Do sound or other environmental inputs ever play a role in that?

I haven't really incorporated sound exactly. Although, at the Pioneer Works Supper Club that I did with Emma McCormick Goodhart, she had this great idea to put contact mics on the tables and hidden around — and it was on Montez [Press Radio] — so we got a lot of interesting sound from that.

What is your dream scenario? Or dream environment where people would be engaging with your work?

I've been consulting on this hotel project in Hudson and part of it is a spa. I've been getting really excited about what you would consume in the spa.

That's something at a very large scale that you've never done before. How did that opportunity arise? Are they inviting you to do 'the Arley thing'?

Well, it's friends. They needed help conceptualizing their food and beverage program for the property, which has a restaurant, bar, club, spa, dining, outdoor spaces...

The whole nine.

We did a series of exercises, which was high level concepting. What's our fantasy of how this place like this should operate? And then we started, part of that got handed off to a kitchen designer to actually design the back of house spaces. And then, because I'm working with Mamo and we're starting to design products, I really wanted to have a hand in actually designing their glassware, flatware and ceramics. I think this is also a really good opportunity for us to make new things. Maybe not put it out into the world just yet, but to prototype and to test it in an environment at scale.

I seems like in a lot of the projects that you're working on, you have these pretty wild scale shifts. You have a basil seed, or a scent on the rim of a glass. Then you're also zooming out and thinking in a systems scale way with a hotel. Do you kind of favor one way of working over the other?

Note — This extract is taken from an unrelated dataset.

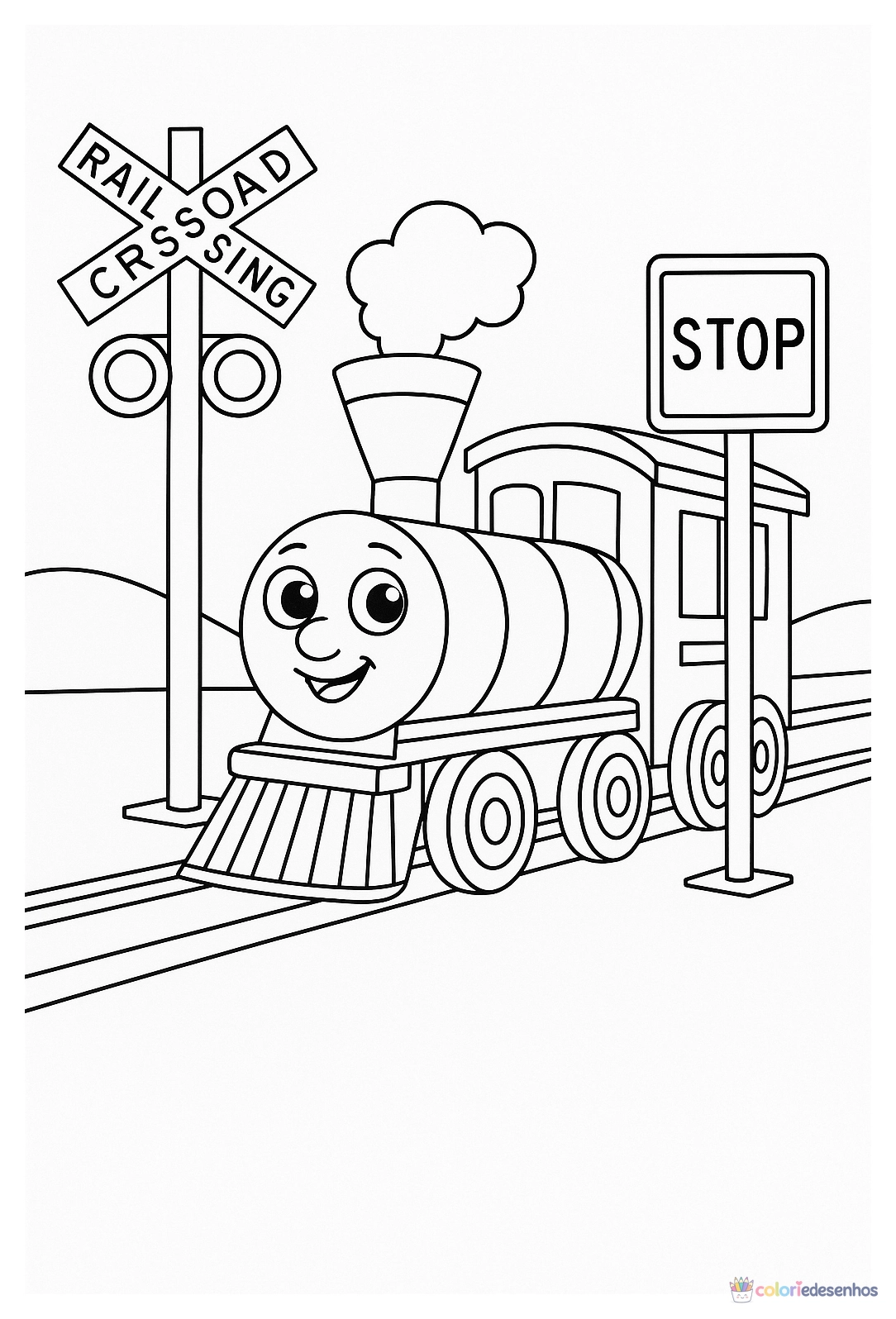 Trem para colorir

This is a really good example.... the other day, I'd seen this coat hanger in Milan during Design Week. I snapped a picture and then we found the manufacturer, but it was going to be complicated: they wanted us to sign a contract before they even sent us a sample because it was something that he didn't make anymore. Then, all of a sudden, we didn't really have an option for a coat hanger at the hotel. I spent three weeks looking at coat hangers in my spare time, and there's just really aren't any good ones. Except for this guy Andrew in LA who is making really beautiful ones, but we can't afford them. So I was just thinking about coat hangers, and I drew this line and was like, "Oh, wait, you could do a coat hanger with a continuous line." I drew it on a Monday, and I hired a guy. I'm also learning these 3D programs, but I'm not really good at it. So it'll take me three days to draw that line in CAD. Instead I hired a guy on Fiverr with a one day turnaround, rendered it, made adjustments, and output it. I put it up to try to get a request for a quote to have a sample today. Okay, so within a week, you are already prototyping a thing. I really like working that way. I feel like I can really like do it quickly and immediately. I love the immediacy of cocktails. I'm making a thing, and you're consuming it. We're done. With making these products, it's a little more drawn out. But, I really do like that playful, creative, immediate output.

I love the immediacy of cocktails. I'm making a thing, and you're consuming it. We're done.

Is there one part of the job that you feel the most passionate about? Or do you like the spread?

I like the spread, but I think I'm also learning to be a little more patient and take more care and time and not be so "get it out" and "get it done."

I mean, there are aspects of the work that I do to support my practice where I'm like, "I wish I could just do this one thing and be a diva about it." I can't really afford to.

I don't really have one thing, and I really like doing a lot of different things. Also, I really like working with my hands, and I wish I had more opportunity to do that. I do feel quite energized by it.

Maybe less emails.

Yeah less emails. This is the promise of AI though. Right?

Is there a next phase or project beyond the hotel that you're excited about?

Yeah, there's a idea that I'm really excited about. But I don't really know if I'm ready to talk about that. Sorry for the tease.

No, I think closing out on an enigma is good.